Survey reveals extent and impact of fatigue on hospital consultants as politicians and healthcare bodies back national campaign

Politicians, healthcare bodies and Medical Royal Colleges from across the UK are backing the national Fight Fatigue Campaign to help raise awareness of the impact of fatigue and shift work on our NHS workforce. Despite growing support for the campaign there is still much to be done, as demonstrated by survey results published today (3 September 2019) which reveals the scale and impact of out-of-hours working on consultant anaesthetists and intensivists. The vast majority of respondents reported work-related fatigue impacting on all areas of life and more than 1 in 10 admitted to having had a car accident or near miss when commuting whilst fatigued in their consultant career, and many more as an anaesthetist in training .

Seven Medical Royal Colleges have joined eleven healthcare organisations and a range of politicians from throughout the UK (alongside official backing by the Labour, Scottish Conservatives and Scottish Green parties) in making a commitment to promoting positive attitudes towards rest and wellbeing across the NHS workforce to help reduce the stigma attached to talking about fatigue.

Today’s survey findings, published in the journal Anaesthesia, highlight the extent and impact of fatigue amongst the 3,847 consultants in anaesthesia and paediatric intensive care medicine in the UK and Ireland who responded to the survey.  The findings follow a 2017 survey of over 2,000 anaesthetic trainees that revealed 57% had experienced an accident or near miss when driving home after a night shift.

The BMA has published its Fatigue and Facilities Charter and the Government has recently announced an allocation of £30,000 per NHS Trust in England to spend on rest facilities, but today’s survey findings demonstrate that more needs to be done to change behaviours and attitudes toward managing fatigue in the workplace.

Commenting on today’s survey findings, Dr Emma Plunkett, fatigue project group lead and consultant anaesthetist, Queen Elizabeth Hospital, Birmingham, said: “The impact of fatigue on our NHS workforce continues to be a major area of concern. Research tells us that sleep is crucial to our health and wellbeing and a lack of sleep in healthcare staff not only affects the professional but will also have an impact on their patients.

“This new survey clearly demonstrates that our senior doctors are simply not getting the rest and sleep they need and much of this is caused by their working pattern and lack of rest facilities at work.

“Our ongoing Fight Fatigue Campaign seeks to change attitudes across the NHS to ensure everyone understands the risks of fatigue and how to mitigate them.  We hope that by collectively taking responsibility for making changes to working practice, we can improve working conditions for staff which will in turn benefit patient care.”
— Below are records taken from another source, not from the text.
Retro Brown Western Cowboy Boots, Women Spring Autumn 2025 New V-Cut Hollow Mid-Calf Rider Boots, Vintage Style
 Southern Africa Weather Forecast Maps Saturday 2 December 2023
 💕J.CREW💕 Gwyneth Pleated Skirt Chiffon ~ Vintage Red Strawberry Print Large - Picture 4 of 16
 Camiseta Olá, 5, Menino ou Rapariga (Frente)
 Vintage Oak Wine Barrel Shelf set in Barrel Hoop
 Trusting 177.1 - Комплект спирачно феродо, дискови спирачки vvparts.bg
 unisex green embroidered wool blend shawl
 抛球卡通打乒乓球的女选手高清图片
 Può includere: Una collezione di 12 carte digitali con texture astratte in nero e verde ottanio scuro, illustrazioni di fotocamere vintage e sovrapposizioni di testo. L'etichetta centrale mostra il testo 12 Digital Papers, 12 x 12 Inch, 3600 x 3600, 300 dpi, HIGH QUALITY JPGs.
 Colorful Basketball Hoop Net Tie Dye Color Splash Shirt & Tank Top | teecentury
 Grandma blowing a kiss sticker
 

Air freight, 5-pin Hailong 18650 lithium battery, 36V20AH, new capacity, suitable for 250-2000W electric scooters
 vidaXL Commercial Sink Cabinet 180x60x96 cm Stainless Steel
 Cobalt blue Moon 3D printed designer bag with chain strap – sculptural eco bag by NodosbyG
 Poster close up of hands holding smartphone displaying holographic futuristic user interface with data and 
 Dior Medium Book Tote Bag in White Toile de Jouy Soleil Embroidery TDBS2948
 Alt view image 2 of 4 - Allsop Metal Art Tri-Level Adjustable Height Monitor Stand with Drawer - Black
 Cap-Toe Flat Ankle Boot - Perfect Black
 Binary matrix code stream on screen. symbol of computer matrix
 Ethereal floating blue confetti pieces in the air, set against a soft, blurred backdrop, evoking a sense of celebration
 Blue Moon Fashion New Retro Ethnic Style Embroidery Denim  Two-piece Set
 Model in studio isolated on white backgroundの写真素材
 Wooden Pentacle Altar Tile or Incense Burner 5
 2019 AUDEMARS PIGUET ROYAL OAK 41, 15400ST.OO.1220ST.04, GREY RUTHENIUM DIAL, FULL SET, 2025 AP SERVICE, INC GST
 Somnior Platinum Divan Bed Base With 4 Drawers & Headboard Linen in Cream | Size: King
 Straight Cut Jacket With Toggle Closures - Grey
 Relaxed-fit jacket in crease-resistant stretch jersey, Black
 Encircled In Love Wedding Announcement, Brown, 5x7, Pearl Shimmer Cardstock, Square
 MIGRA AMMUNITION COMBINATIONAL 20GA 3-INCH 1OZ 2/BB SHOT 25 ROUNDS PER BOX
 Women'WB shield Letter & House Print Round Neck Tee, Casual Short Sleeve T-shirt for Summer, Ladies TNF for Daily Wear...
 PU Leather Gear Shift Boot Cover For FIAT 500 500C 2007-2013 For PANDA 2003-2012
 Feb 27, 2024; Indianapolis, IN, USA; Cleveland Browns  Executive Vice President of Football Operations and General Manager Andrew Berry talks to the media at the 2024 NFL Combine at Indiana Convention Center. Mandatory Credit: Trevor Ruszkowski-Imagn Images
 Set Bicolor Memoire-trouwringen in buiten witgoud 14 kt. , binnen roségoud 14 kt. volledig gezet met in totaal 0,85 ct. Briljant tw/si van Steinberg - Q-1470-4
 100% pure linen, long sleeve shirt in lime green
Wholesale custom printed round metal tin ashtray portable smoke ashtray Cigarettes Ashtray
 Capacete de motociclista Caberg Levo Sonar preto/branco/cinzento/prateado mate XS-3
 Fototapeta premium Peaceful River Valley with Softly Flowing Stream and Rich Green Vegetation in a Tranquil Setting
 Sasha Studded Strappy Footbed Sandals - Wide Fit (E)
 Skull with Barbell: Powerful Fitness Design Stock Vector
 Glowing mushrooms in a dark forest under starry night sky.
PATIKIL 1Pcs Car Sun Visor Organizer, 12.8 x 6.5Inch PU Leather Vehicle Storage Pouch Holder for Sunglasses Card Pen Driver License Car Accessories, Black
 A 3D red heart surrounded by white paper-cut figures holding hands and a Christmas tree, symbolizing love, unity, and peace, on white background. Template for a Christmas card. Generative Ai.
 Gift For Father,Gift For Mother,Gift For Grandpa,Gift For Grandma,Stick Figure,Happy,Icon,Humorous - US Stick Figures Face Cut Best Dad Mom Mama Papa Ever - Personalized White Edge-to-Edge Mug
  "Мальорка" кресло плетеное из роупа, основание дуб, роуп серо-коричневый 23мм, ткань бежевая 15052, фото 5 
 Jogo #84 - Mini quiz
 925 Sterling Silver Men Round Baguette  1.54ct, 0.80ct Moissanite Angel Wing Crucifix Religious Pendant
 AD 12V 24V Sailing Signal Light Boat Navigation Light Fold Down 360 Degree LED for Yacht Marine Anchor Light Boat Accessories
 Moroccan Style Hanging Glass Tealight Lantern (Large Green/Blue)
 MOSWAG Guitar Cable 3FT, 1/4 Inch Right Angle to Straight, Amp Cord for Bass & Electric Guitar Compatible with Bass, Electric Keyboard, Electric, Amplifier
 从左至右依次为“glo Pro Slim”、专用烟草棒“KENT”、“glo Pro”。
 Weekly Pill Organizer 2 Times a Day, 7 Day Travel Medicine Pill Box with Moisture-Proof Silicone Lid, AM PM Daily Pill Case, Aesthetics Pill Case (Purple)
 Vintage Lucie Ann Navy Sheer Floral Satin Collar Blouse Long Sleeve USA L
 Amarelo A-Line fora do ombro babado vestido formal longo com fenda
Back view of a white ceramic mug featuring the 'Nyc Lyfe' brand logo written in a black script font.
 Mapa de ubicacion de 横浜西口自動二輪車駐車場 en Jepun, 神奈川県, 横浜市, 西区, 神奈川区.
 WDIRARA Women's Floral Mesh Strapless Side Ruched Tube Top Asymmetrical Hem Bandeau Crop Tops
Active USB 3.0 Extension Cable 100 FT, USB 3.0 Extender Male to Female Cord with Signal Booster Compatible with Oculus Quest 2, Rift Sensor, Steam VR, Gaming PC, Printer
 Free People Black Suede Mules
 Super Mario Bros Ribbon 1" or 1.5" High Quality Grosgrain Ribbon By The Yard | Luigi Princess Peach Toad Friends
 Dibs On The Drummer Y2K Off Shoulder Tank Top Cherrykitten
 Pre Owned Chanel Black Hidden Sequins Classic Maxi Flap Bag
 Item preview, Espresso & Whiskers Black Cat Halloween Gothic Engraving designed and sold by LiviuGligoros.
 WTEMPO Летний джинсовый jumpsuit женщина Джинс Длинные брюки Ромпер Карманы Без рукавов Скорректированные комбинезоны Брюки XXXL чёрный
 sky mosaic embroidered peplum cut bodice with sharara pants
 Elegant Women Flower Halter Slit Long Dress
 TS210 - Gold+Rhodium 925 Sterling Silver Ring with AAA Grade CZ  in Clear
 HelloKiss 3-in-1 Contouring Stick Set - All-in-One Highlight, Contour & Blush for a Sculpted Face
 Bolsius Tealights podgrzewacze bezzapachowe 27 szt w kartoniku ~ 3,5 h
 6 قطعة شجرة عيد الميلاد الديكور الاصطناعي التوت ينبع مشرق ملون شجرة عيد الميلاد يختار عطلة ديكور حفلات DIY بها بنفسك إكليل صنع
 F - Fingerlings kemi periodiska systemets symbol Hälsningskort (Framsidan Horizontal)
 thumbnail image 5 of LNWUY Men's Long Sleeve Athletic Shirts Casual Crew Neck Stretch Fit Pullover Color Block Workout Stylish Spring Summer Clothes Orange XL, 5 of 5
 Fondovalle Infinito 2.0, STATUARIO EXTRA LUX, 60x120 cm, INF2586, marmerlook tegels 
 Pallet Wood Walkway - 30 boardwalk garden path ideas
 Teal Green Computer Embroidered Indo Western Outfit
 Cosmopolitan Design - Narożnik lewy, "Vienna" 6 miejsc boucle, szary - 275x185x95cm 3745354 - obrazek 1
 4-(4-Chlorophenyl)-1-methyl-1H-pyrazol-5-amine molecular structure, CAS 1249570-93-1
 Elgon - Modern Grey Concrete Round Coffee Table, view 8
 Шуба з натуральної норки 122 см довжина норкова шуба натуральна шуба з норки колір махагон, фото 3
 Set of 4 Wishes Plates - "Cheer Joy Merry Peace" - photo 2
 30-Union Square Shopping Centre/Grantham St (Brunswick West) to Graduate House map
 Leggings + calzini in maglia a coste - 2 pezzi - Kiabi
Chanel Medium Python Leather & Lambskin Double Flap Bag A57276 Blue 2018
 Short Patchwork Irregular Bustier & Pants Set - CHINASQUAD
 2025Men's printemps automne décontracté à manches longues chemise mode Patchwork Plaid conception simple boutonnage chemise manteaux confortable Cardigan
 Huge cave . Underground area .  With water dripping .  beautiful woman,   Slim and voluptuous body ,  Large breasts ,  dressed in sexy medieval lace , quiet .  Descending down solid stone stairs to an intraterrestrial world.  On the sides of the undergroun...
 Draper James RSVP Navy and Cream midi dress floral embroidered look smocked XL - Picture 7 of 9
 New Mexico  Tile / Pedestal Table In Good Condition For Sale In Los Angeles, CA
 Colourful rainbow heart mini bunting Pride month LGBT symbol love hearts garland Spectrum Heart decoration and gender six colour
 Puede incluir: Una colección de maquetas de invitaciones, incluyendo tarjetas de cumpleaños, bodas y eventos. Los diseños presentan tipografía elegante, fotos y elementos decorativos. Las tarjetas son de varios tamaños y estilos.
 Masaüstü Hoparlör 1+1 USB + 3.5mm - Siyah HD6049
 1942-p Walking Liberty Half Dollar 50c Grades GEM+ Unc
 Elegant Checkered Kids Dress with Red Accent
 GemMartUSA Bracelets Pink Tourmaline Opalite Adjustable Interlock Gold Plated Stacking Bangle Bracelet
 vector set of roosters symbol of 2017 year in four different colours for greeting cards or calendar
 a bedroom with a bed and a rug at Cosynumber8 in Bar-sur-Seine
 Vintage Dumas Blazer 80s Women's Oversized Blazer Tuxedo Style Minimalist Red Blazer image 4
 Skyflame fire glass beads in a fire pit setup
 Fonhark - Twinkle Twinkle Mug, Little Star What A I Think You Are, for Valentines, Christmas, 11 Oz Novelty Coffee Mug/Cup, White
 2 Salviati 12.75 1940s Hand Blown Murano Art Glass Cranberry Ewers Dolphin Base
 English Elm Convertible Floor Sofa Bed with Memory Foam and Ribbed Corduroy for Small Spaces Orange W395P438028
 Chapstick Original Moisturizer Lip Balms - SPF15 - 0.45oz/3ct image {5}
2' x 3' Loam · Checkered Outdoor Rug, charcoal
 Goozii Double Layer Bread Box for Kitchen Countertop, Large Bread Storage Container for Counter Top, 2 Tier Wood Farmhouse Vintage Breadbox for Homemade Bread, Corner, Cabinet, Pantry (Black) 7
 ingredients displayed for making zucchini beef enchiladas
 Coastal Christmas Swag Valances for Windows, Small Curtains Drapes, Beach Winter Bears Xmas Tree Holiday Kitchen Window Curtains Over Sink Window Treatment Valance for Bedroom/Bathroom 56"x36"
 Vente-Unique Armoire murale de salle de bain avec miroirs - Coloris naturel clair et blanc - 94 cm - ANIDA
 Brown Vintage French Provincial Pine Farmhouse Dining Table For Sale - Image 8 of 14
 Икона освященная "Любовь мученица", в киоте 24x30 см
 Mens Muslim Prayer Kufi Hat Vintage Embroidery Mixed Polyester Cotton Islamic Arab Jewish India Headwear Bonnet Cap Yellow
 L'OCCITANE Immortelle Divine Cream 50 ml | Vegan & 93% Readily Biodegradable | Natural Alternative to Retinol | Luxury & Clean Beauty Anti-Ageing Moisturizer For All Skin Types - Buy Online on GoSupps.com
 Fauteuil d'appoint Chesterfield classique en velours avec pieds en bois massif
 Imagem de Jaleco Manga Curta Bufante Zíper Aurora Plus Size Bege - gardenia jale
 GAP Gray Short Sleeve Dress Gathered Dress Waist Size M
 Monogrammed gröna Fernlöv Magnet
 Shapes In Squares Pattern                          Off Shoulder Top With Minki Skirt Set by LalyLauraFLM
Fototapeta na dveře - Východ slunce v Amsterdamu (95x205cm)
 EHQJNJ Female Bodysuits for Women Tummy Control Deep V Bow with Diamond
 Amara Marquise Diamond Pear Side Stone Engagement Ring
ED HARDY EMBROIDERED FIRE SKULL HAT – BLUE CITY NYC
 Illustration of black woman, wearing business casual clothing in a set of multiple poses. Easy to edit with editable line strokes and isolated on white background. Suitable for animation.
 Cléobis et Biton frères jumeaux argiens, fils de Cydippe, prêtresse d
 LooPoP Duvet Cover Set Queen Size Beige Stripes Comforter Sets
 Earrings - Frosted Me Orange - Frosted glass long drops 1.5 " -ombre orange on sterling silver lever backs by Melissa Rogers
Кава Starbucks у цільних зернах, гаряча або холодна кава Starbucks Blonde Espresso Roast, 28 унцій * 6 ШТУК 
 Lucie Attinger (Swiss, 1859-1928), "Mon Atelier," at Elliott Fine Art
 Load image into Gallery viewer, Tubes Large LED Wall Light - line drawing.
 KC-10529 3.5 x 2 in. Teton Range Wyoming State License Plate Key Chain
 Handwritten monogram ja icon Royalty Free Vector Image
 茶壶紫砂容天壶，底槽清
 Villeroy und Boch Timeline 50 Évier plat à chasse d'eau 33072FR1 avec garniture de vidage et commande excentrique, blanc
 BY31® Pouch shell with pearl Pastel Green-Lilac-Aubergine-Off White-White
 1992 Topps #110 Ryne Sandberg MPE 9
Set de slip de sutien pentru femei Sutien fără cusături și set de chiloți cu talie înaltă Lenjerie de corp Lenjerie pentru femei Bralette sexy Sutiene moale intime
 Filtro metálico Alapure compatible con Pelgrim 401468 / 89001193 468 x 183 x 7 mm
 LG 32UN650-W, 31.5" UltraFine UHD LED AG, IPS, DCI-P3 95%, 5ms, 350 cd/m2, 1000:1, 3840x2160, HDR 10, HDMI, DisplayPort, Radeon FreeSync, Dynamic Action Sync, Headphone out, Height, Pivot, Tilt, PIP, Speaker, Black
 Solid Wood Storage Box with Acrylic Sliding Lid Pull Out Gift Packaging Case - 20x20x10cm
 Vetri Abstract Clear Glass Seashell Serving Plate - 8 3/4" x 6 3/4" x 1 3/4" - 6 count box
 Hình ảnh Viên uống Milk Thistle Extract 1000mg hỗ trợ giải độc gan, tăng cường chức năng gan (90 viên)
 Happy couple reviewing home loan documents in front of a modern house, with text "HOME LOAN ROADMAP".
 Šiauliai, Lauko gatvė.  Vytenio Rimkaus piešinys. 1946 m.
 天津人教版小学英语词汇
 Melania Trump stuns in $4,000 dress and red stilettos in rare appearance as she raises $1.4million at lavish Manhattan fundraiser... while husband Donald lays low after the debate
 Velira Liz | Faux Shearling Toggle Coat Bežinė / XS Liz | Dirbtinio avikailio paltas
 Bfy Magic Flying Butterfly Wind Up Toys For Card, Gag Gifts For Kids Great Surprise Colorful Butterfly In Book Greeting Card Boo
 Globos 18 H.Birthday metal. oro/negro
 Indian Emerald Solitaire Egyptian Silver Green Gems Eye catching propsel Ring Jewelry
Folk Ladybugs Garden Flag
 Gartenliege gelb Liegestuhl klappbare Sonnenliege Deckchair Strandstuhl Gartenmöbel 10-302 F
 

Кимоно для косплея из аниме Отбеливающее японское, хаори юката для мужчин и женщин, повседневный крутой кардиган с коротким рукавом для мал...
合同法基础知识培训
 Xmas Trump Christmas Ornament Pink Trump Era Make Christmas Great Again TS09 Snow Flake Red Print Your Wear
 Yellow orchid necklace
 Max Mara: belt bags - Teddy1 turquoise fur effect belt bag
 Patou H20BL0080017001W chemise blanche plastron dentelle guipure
In summary, the survey found that:

  • 91% of consultant doctors who responded experience work-related fatigue and 50% of them reported this had a moderate or severe impact on health, wellbeing, work and home life
  • 45% of respondents admitted to either having a car accident or near miss when commuting whilst fatigued, with 1 in 10 of these as a consultant
  • only a third (34%) said they have access to a private rest facility when on-call
  • 84% of respondents contribute to a night on-call rota (including weekends) and 37% also work regular weekend days
  • for about one third (32%) the longest period of on-call duty is 48-72 hours and 32% are on call every 8th day or more frequently
  • when on-call, about half (52%) of consultants leave work after 10pm or are resident overnight; 55% receive 2 or more phone calls after leaving and just under half (48%) reported taking 30 minutes or more to fall back to sleep after a phone call
  • most respondents (62%) did not feel supported by their organisation to maintain their health and wellbeing
  • in addition, only 15% always achieve 11 hours rest between finishing one shift and starting the next (the European Working Time Directive requires all doctors to have 11 hours of rest between clinical duties).